[THE PROBLEM]: The answer must be the lines from the one containing "King's Magna pupils in science class" through the last line of the data below, copied exactly, with nothing else.
--- EXTRACTED INFORMATION ---
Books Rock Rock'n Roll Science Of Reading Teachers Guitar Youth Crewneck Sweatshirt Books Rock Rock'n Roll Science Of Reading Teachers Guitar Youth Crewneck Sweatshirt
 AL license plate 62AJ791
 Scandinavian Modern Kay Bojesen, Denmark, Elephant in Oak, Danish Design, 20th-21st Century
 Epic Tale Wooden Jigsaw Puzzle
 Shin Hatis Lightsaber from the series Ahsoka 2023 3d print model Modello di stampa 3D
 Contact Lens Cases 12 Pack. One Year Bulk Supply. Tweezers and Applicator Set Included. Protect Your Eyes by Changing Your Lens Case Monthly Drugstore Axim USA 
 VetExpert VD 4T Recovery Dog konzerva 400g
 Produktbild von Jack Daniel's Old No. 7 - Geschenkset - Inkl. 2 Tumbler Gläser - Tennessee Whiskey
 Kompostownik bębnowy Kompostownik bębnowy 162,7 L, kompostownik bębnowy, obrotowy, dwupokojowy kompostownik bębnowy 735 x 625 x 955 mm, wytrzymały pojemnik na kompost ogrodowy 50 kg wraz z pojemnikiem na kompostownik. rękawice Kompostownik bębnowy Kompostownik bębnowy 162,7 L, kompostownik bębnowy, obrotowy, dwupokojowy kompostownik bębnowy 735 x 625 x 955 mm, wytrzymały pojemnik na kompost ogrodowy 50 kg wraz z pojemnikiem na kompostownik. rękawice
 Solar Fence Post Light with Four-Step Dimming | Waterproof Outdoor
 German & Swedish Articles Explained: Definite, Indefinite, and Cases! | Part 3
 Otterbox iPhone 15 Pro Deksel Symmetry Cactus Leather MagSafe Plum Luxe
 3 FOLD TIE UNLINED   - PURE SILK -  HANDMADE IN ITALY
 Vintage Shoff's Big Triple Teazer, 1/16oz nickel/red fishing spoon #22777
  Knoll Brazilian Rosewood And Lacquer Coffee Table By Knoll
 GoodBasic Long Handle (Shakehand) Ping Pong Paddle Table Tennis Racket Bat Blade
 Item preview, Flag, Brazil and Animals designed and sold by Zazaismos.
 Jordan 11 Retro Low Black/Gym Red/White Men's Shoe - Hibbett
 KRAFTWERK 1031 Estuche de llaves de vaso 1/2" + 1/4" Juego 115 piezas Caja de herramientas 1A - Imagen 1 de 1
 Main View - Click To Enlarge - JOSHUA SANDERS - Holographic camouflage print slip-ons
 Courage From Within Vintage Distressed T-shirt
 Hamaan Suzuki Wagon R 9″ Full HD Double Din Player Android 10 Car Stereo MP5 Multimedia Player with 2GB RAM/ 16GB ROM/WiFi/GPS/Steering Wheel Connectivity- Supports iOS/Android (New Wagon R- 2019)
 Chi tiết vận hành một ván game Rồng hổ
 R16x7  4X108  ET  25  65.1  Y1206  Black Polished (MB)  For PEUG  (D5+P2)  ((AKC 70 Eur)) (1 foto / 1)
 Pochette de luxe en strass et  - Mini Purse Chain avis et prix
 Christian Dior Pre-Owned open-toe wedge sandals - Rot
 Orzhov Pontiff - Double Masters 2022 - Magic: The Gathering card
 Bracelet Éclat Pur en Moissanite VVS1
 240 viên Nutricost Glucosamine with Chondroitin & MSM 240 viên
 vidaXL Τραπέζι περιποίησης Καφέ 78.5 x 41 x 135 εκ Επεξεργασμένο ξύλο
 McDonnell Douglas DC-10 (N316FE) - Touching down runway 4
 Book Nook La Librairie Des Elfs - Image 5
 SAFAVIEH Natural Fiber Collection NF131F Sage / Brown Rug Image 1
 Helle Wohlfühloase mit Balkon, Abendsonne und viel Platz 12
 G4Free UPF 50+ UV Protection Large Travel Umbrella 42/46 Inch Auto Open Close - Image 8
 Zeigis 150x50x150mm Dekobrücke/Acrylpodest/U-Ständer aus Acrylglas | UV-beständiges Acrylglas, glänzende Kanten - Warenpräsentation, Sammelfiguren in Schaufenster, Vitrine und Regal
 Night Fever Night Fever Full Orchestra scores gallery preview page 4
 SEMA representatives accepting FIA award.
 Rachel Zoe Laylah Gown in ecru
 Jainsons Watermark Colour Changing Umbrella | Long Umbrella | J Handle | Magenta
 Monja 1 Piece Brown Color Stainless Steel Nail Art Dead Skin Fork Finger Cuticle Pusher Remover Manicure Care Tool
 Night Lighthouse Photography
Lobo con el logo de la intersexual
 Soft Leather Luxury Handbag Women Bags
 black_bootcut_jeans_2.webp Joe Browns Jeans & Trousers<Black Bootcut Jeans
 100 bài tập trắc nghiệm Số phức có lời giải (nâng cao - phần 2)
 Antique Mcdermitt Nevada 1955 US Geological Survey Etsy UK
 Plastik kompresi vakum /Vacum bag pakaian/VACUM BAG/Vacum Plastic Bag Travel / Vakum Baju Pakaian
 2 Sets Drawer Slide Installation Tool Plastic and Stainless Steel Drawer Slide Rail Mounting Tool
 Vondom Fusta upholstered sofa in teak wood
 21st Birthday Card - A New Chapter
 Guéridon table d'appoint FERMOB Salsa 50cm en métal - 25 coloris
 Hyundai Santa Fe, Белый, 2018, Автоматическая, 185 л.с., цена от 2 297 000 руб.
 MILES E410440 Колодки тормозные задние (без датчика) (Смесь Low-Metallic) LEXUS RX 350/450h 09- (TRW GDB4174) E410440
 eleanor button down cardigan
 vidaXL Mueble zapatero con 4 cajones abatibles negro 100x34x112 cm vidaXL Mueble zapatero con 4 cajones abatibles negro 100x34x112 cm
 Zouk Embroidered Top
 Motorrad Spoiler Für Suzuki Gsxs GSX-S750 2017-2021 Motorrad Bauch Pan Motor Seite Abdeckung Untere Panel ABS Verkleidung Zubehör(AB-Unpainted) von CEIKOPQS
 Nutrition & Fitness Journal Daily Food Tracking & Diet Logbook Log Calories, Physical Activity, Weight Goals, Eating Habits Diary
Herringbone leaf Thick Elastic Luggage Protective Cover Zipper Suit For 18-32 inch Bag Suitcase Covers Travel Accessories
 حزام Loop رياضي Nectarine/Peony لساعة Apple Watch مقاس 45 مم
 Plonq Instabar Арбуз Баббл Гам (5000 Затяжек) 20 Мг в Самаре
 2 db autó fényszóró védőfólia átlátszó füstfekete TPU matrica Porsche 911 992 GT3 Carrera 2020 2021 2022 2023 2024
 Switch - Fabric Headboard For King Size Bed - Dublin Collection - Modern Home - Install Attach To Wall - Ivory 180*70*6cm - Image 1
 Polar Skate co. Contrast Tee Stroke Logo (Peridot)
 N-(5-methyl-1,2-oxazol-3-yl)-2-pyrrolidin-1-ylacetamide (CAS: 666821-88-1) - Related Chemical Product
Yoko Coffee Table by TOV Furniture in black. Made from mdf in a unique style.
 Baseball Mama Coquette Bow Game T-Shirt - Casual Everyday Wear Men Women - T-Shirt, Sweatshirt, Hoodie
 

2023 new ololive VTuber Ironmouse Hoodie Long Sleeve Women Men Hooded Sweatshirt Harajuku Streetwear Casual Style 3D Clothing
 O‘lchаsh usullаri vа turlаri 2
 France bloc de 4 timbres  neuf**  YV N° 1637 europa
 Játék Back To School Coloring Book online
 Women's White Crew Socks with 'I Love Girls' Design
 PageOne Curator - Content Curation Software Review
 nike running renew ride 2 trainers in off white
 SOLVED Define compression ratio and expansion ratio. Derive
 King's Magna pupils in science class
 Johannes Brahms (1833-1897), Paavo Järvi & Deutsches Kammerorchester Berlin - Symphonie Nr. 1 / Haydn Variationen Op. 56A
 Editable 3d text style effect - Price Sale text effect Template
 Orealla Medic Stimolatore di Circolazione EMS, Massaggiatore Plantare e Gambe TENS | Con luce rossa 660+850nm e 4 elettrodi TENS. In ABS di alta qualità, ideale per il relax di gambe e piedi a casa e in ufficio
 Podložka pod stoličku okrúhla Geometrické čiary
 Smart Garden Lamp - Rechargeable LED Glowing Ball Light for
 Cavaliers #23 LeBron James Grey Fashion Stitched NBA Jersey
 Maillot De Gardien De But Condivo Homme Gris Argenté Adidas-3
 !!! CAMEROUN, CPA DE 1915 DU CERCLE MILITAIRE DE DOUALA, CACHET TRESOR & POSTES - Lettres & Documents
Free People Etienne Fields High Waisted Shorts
---
[WORKED SOLUTION]:
 King's Magna pupils in science class
 Johannes Brahms (1833-1897), Paavo Järvi & Deutsches Kammerorchester Berlin - Symphonie Nr. 1 / Haydn Variationen Op. 56A
 Editable 3d text style effect - Price Sale text effect Template
 Orealla Medic Stimolatore di Circolazione EMS, Massaggiatore Plantare e Gambe TENS | Con luce rossa 660+850nm e 4 elettrodi TENS. In ABS di alta qualità, ideale per il relax di gambe e piedi a casa e in ufficio
 Podložka pod stoličku okrúhla Geometrické čiary
 Smart Garden Lamp - Rechargeable LED Glowing Ball Light for
 Cavaliers #23 LeBron James Grey Fashion Stitched NBA Jersey
 Maillot De Gardien De But Condivo Homme Gris Argenté Adidas-3
 !!! CAMEROUN, CPA DE 1915 DU CERCLE MILITAIRE DE DOUALA, CACHET TRESOR & POSTES - Lettres & Documents
Free People Etienne Fields High Waisted Shorts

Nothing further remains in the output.